**EXERCISE REQUIREMENTS**
Although the records contain pictures, only their text should be reproduced, exactly as written.

== RECORDS FOR THE EXERCISE ==

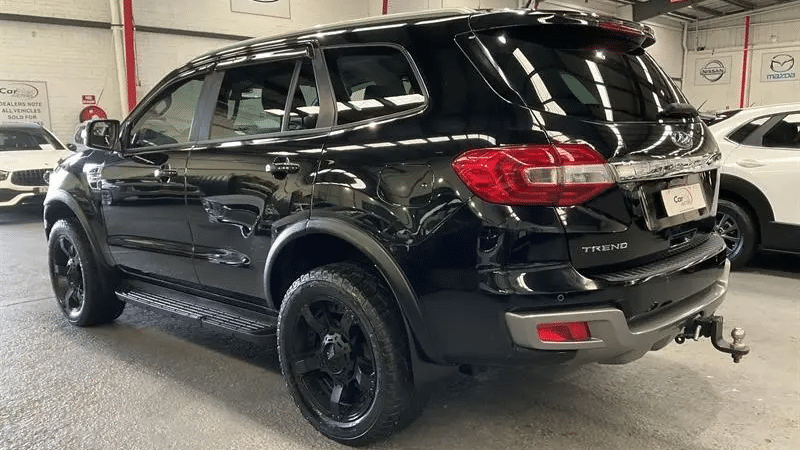 2018 Used Ford Everest SUV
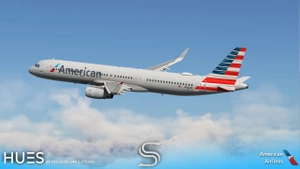 American Airlines Livery Pack | Fenix A321 | 8K & 4K thumbnail 12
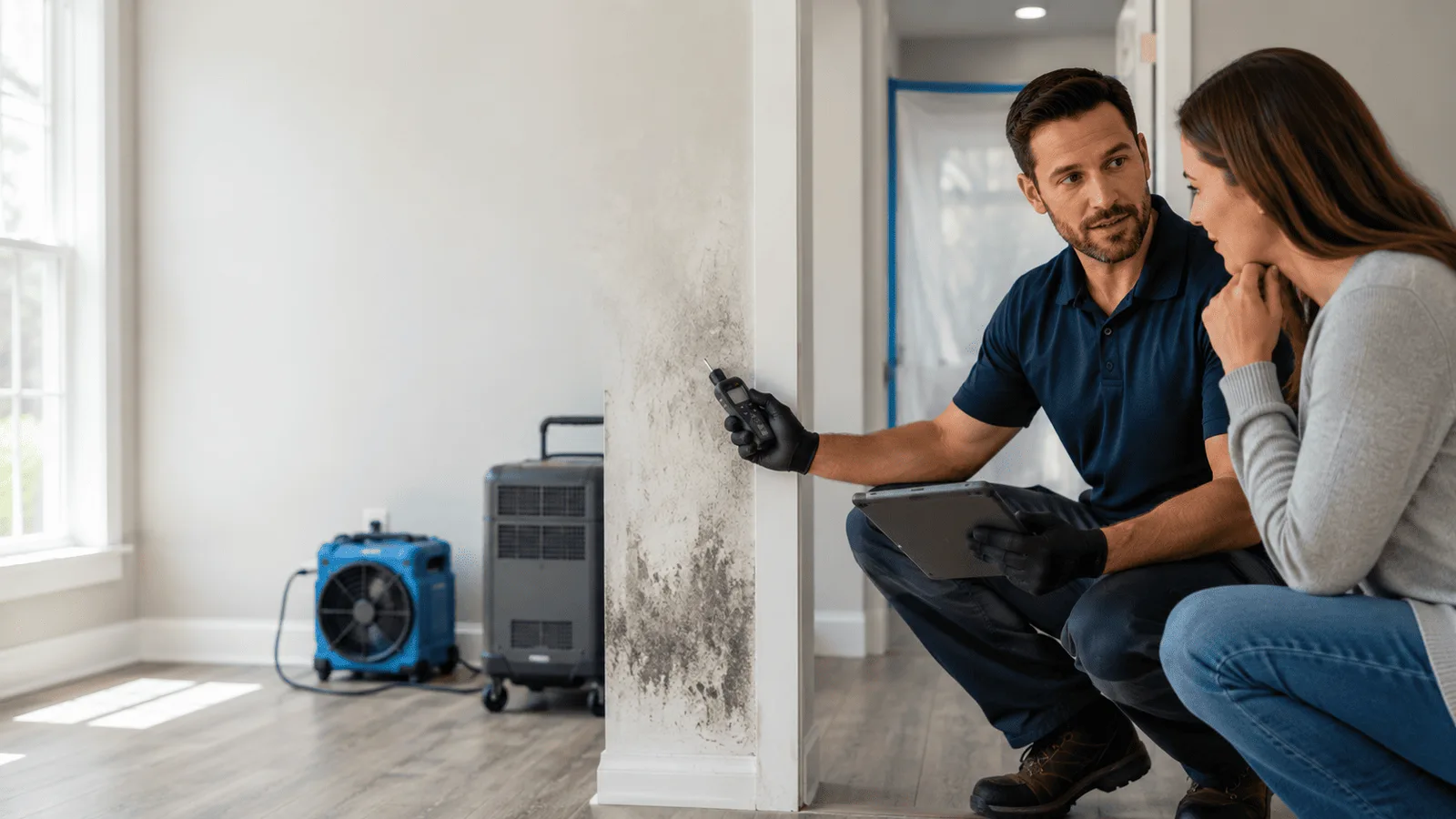 Mold Inspection Denmark, WI FAQs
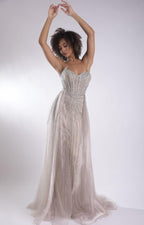 Jasz Couture Dress 7932 - Champagne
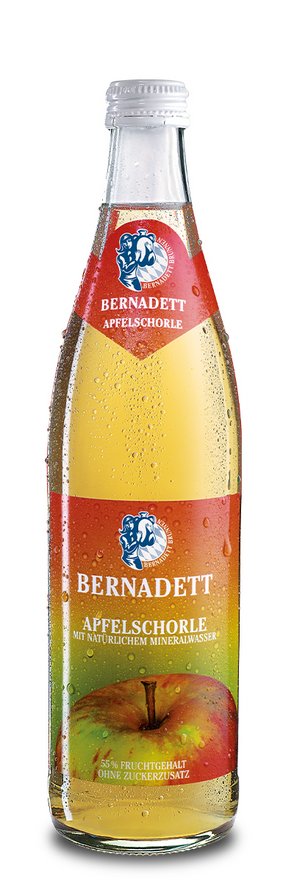 Bernadett Apfelschorle 20x0,5l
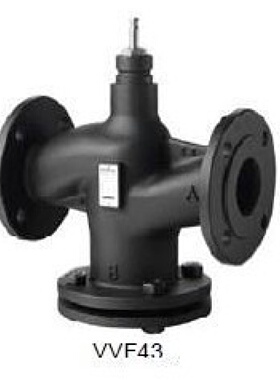 议价德国产 西门子 VVF53.20-6.3 法兰连接二通调节阀 正品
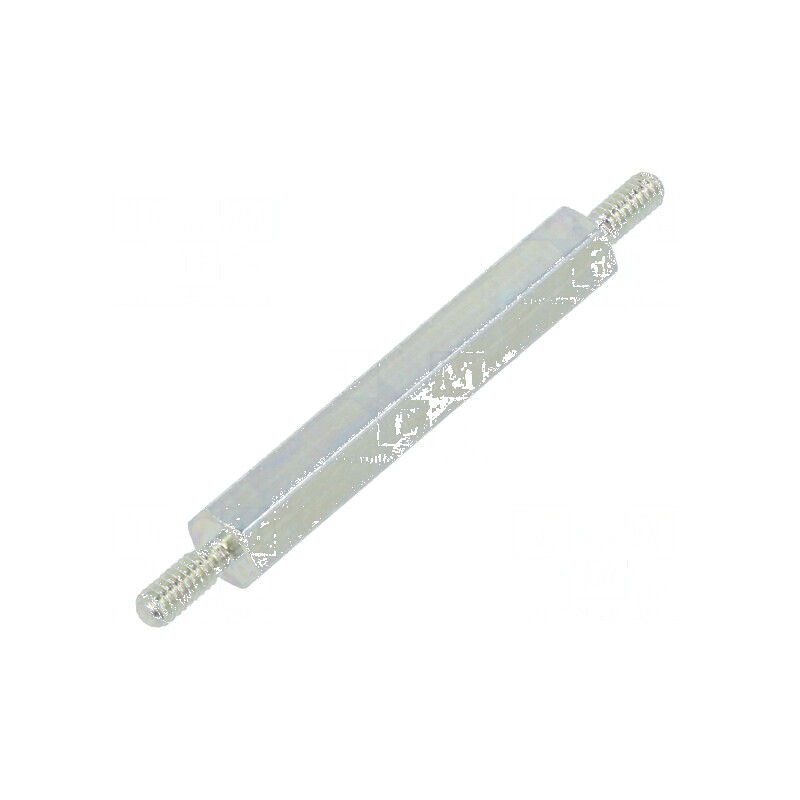 Piuliță distanțieră filetată M2 hexagonală 25mm | Electronic-mag.ro | Componente Electronice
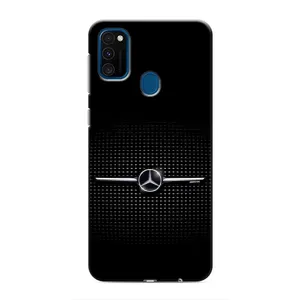 Силиконовый бампер с картинкой машины на Samsung Galaxy M30s (M307) (Mercedes)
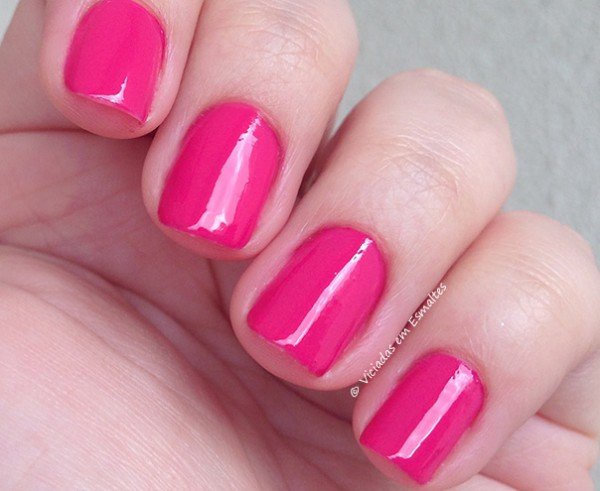 Esmalte Pink Poá Beauty Color 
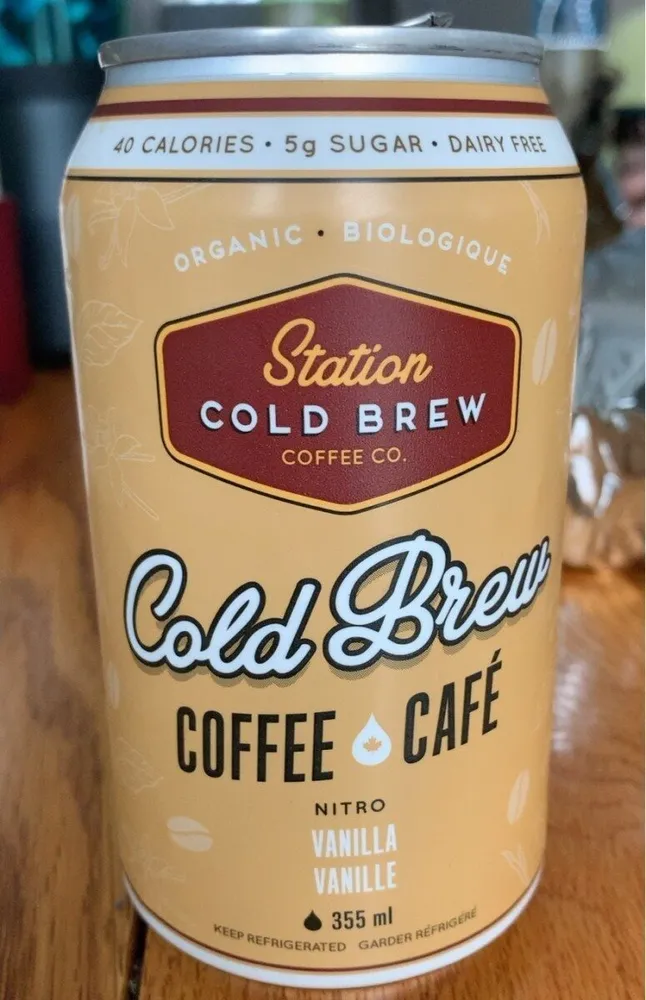 Nitro Vanilla Cold Brew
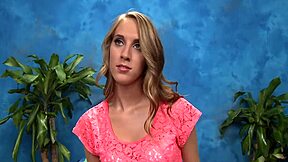 cheerful ending massages turn hardcore with oiled blowjob and teen action.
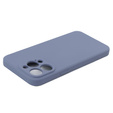 Pouzdro pro iPhone 15 Pro, Silicone Lite, levandulové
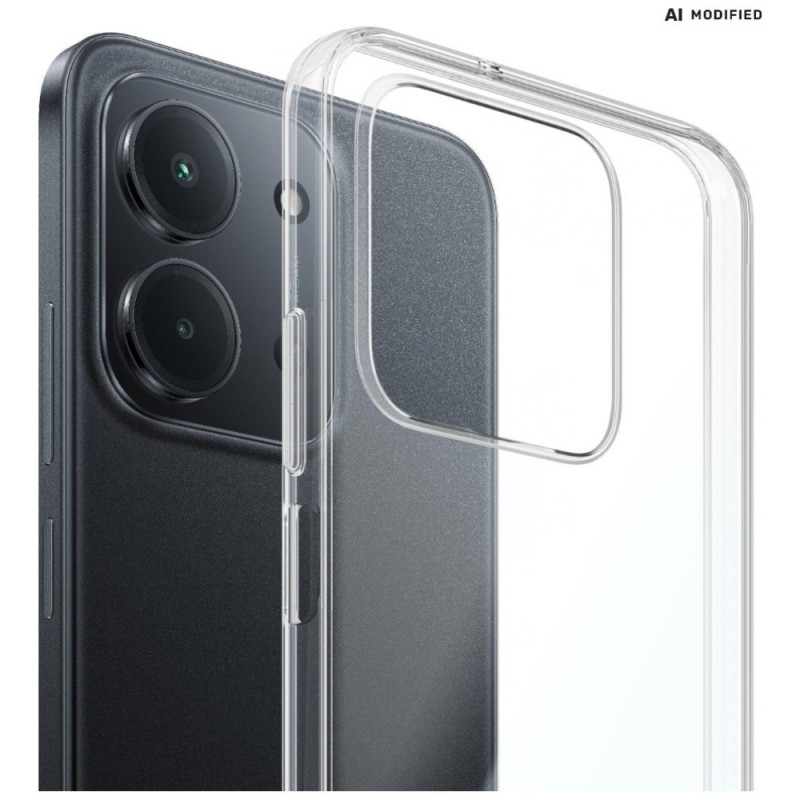 3MK Clear Case für Redmi 15C 4G / 5G (171 mm) / Poco C85 4G, transparent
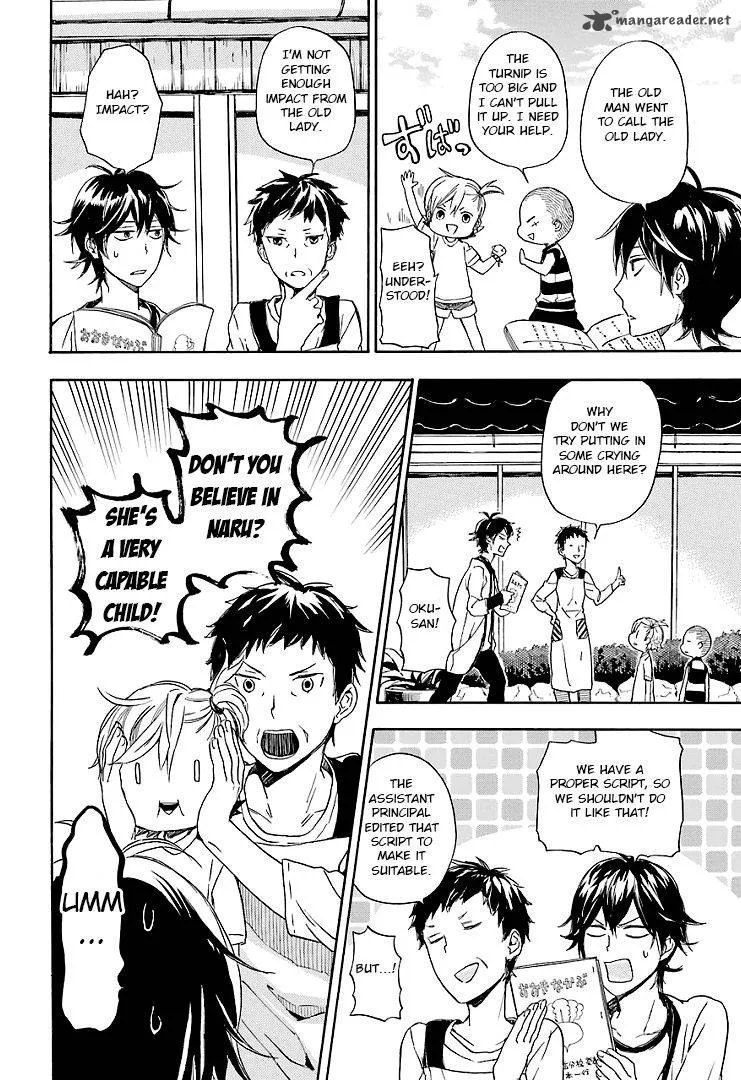 Barakamon Chapter 54 page 10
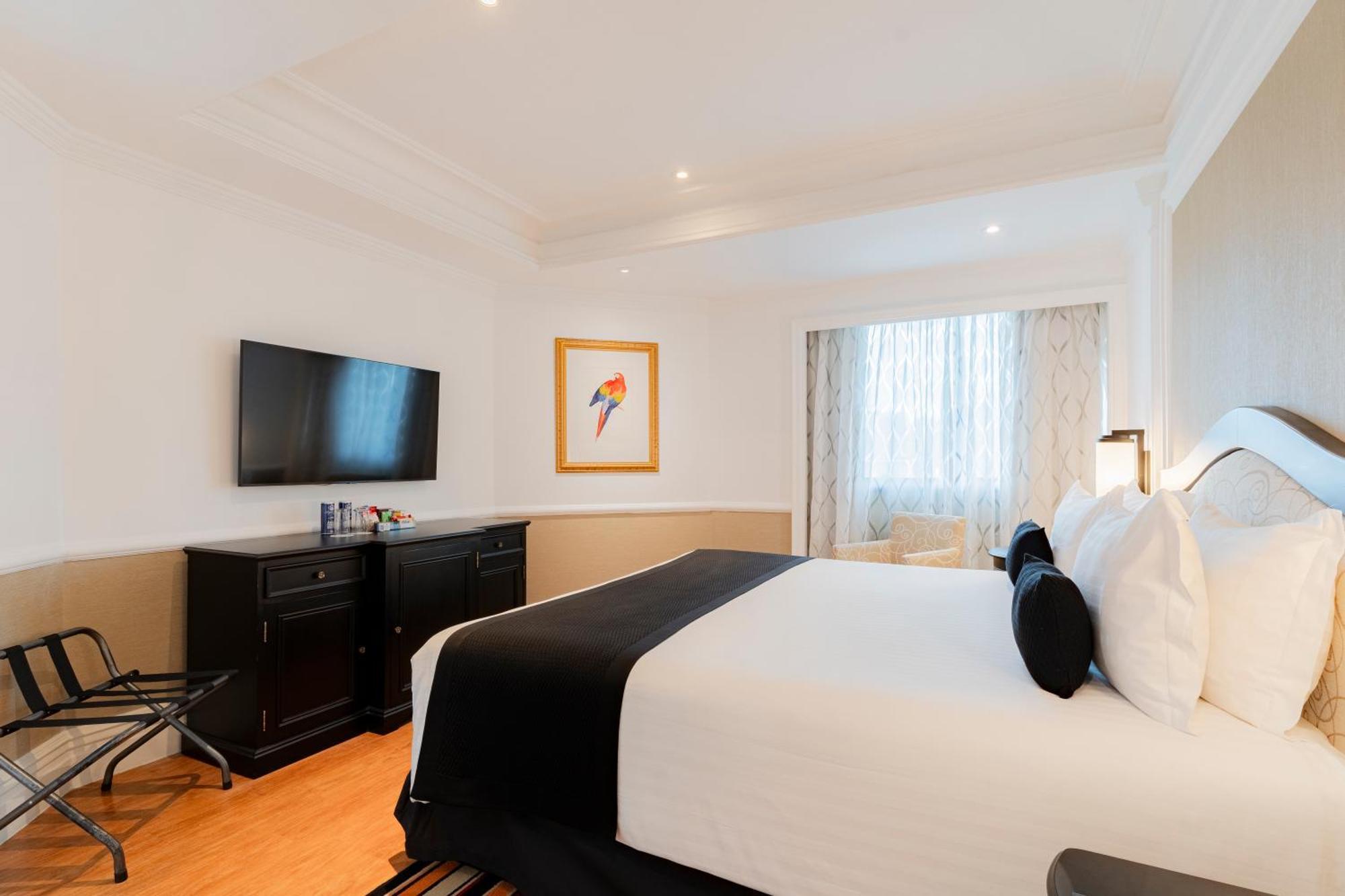 Grand Mercure Sao Paulo Ibirapuera Bagian luar foto Deluxe Room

===

**RESULT**
 2018 Used Ford Everest SUV
 American Airlines Livery Pack | Fenix A321 | 8K & 4K thumbnail 12
 Mold Inspection Denmark, WI FAQs
 Jasz Couture Dress 7932 - Champagne
 Bernadett Apfelschorle 20x0,5l
 议价德国产 西门子 VVF53.20-6.3 法兰连接二通调节阀 正品
 Piuliță distanțieră filetată M2 hexagonală 25mm | Electronic-mag.ro | Componente Electronice
 Силиконовый бампер с картинкой машины на Samsung Galaxy M30s (M307) (Mercedes)
 Esmalte Pink Poá Beauty Color 
 Nitro Vanilla Cold Brew
 cheerful ending massages turn hardcore with oiled blowjob and teen action.
 Pouzdro pro iPhone 15 Pro, Silicone Lite, levandulové
 3MK Clear Case für Redmi 15C 4G / 5G (171 mm) / Poco C85 4G, transparent
 Barakamon Chapter 54 page 10
 Grand Mercure Sao Paulo Ibirapuera Bagian luar foto Deluxe Room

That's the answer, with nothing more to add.